Please find the necessary files in this github folder:

Thanks.

The ReaxFF calculations in these folders must be ok because they use atom style charge, so there cannot be any bond topology data that would cause problems or require additional settings to negate them.

However, you said you used atom style full and I don’t see anything like that here.
Also, you said that you had had errors and made other modifications. So I would need to see the real files for your runs including the data files.

The “OPLS-AA” calculations are either not really using OPLS-AA or are incorrect because they are missing the partial charges, since they use atom style molecular but should be using full.
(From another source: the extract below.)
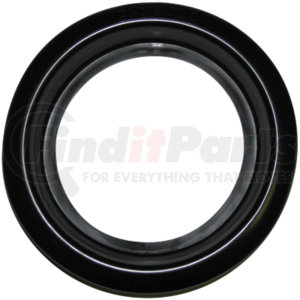 A45GB by OPTRONICS - Led Back Up Light - PVC Grommet For 4" Round Lights, Flush Mount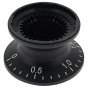 Knob for Makita DKP180RMJ, DKP180RFE Cordless Planer - 452480-0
OPLS-AA has an increment system which must be used to compute the partial charges on hydrogen and carbon and other atoms. See for an example with a few simple molecules here: Homepage of Axel Kohlmeyer - Tutorial - Part 2
However, since those calculations are only used to prepare the system, they may still be acceptable, since the production was done with ReaxFF and if there was sufficient equilibration time the ReaxFF run may have corrected for geometry errors.

Good to know that the original calculations are correct.

The only changes I made were that I changed the atom style while in OPLS to full and commented out the special bonds command. And I switched from charge to full atom style when I was using ReaxFF forcefield. I found that only on doing so, the codes would run without any error. Please find my modified versions of the same files along with data files in this folder:

https://drive.google.com/drive/folders/1-E0_P84sODFb-RB3UVHTigPNhh82lihn?usp=sharing

The sequence is densification → polymerization → transition to reaxff → equilibration in reaxff.

During polymerization stage, monomers were bonded together using fix bond/create command. This command was used to form bonds between two dummy ‘reactive’ atoms at the two ends of the monomer. (atom types 6 & 7) Has it been done correctly?

From what I can see, in your simulations the OPLS-AA part has been done correctly in this case as far as the atom style and force field settings are concerned.

The conversion to ReaxFF and the ReaxFF setup also look correct. The choice of timestep is careful. The bond topology is removed as it should and despite the different atom style, the data file is correct and suitable and the included structure looks very reasonable on visualization.

However, there is one potential big problem here:

fix 3 all reax/c/species 100 100 10000 species.reaxc.PEEK_amorphous

This command will postpone all neighborlist updates so they will only be done every 10000 timesteps. That may be too infrequent, especially at high temperatures, and thus your force computations are missing significant contributions because atoms have moved around. You need to check your log files for “Dangerous builds”. If this is a significant number (> 10), then your simulations are not very good. Please see the “Warning” box on the page for the fix reaxff/species command — LAMMPS documentation (the name has changed for newer versions of LAMMPS, but the functionality is unchanged).

Yes I will be careful about the fix reax/c/species command and will also check for any dangerous builds. However, what do you think about the way it is behaving at high temperature? (contrary to chemistry of the polymer) That,

  1. The number of cluster goes down with progress of simulation. Moreover, the fractions are multiples of the monomer, signaling that inter-monomer linkage is the weakest link in the chain segment and not any bond within the monomer. This polymer follows the random chain scission mechanism where ketone, ether groups break first. (around 700K), but I didn’t find any evidence of that.

  2. At higher temperature, bond order is expected to reduce because of weakened bonds However, the bond order difference (values obtained from Reaxff file) when plotted came out to be a curve with random distribution of points:

Sorry, I have no comment on that. This is beyond anything that I have done research on and I don’t want to speculate. I can really only discuss “technical matters”.

Thank you for the help. Will come back here in case of questions.